The Barbie Hadoop Cluster - Stage 1
Ever since I took Coursera's Intro to Data Science course, I've been dreaming of getting my own MapReduce system up and running. It just seems so much more rewarding to have my own data framework right in front of me rather than paying for Amazon AWS or Google Cloud.
Recently the non-profit I volunteer for handed me 9 left-over recycled computers and a lot of left-over hard drives that they needed to find a home for. So while they were sitting in my house, I decided to put them to use in my dream Hadoop Cluster.
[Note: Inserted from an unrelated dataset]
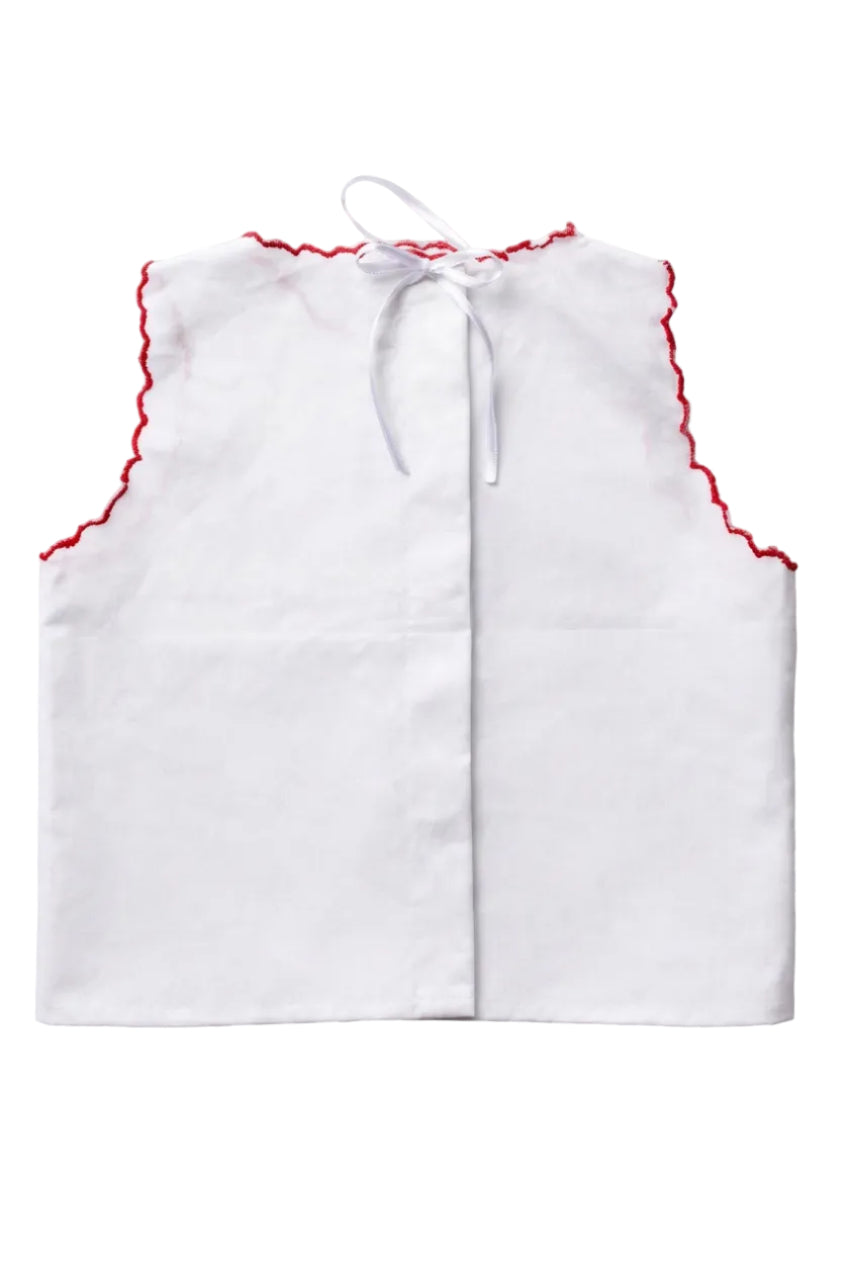 CAMICIA DELLA FORTUNA white/red edges baby shirt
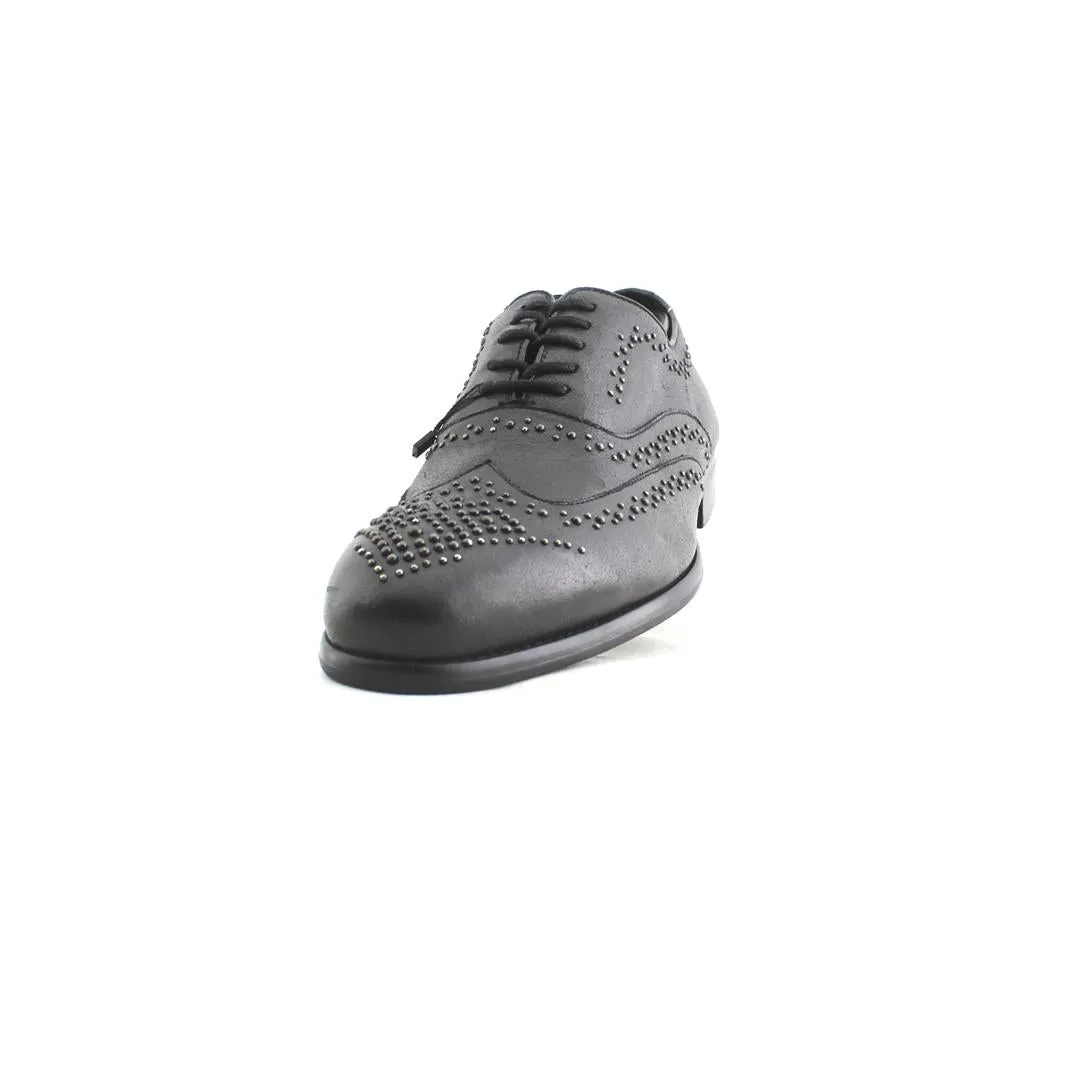 ALDO CRACKLE LEATHER BLACK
So here is my step-by-step protocol for setting up the cluster from scratch. In this post I'm going from Ubuntu install CD to Hadoop "pseudo-distributed" mode. In Stage 2, I move to a four node distributed cluster, and in Stage 3, I'm going to launch my own MapReduce job.
The Barbie Cluster
First off, the most important thing in sysadmin is the honor of naming computers. In shock/disapproval/sarcastic honor of Mattel's failed attempt to update their outdated views about women, I decided to name all of my computers after Barbie characters.
As of right now I have four computers set up,
- Barbie
- Ken
- Skipper
- Kelly
And fortunately, mass toy consumerism will allow me to expand my cluster to effectively any size.
The operating system
I originally tried to get the "Barbie Cluster" up and running with Puppy Linux. I chose Puppy initially because most of the machines lacked a DVD drives or USB booting, which ruled out more of the "filled out" Linux distributions. Puppy did install pretty easily and I would recommend it for someone who needs a lightweight, functional OS. But eventually, I, like many before me, decided that Puppy was just too much of an undocumented burden to run Hadoop, and I scrapped it for an Ubuntu command line install. (You can't get a lower memory OS than command line, I say)
To get Ubuntu installed I downloaded the Ubuntu 14.04 Minimal Install CD, which I found here. I burnt the .iso file to a CD, and popped the CD into the CD drives of my hungrily waiting Dells.
After she boots to the CD, select Command Line Install. The setup is pretty straightforward and I didn't need any special choices except naming the computers and users. I partitioned the disk with "Guided, Use Entire Disk and LVM," but I'm not sure if that was necessary. No reason not to do that though since that's what most Linux systems work on.
Before Getting to Hadoop
There's been a suggestion that you should create a dedicated user for Hadoop on your machine. Since this system doesn't have any other user, that seems unnecessary. I didn't bother with that, but I did create a hadoop group and add my doopy user to that group for consistency.
$ addgroup hadoop
$ usermod -g hadoop doopy
I set up and auto-login for myself based on a suggestion I found here. This isn't necessary, but I'm not going to have monitors and it's possible I might want things to run automatically in the background without having to ssh in. To have the machines log on automatically, edit the file '/etc/init/tty1.conf' so that the last line reads
exec /sbin/getty -8 38400 tty1 -a doopy
Finally, the most important thing is to get the prerequisite software installed. To do that just type
$ sudo apt-get install openjdk-7-jdk ssh git
This should get your java and ssh set up. I also included git because everyone eventually needs it anyway.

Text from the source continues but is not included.